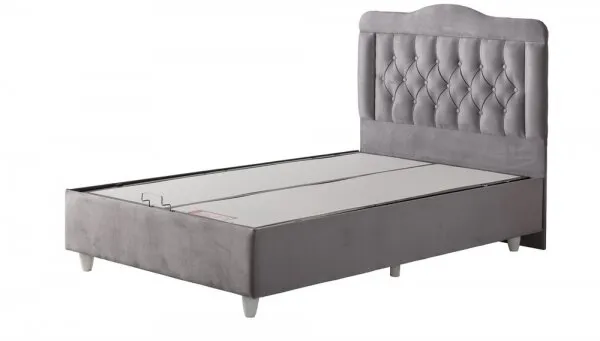 Belletto Vogue 120x200 Baza+Başlık Seti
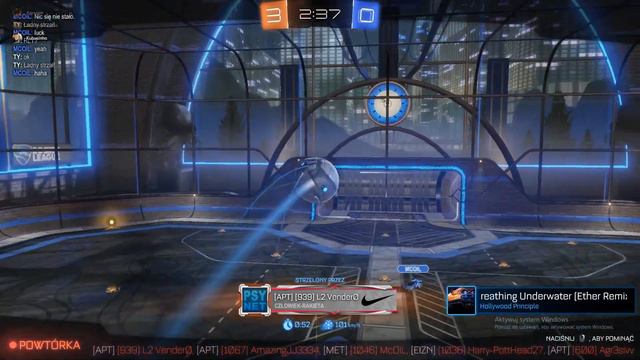 Highlights + full komentarz │ full comentage video │ 5:0 APT TRIO смотреть онлайн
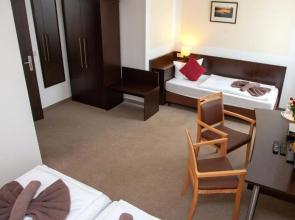 Seehotel Zum Löwen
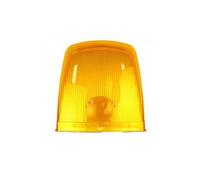 Capot pour feu clignotant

**What to do**
Except for the pictures, write the data out exactly.

**Solution to the exercise**
 Belletto Vogue 120x200 Baza+Başlık Seti
 Highlights + full komentarz │ full comentage video │ 5:0 APT TRIO смотреть онлайн
 Seehotel Zum Löwen
 Capot pour feu clignotant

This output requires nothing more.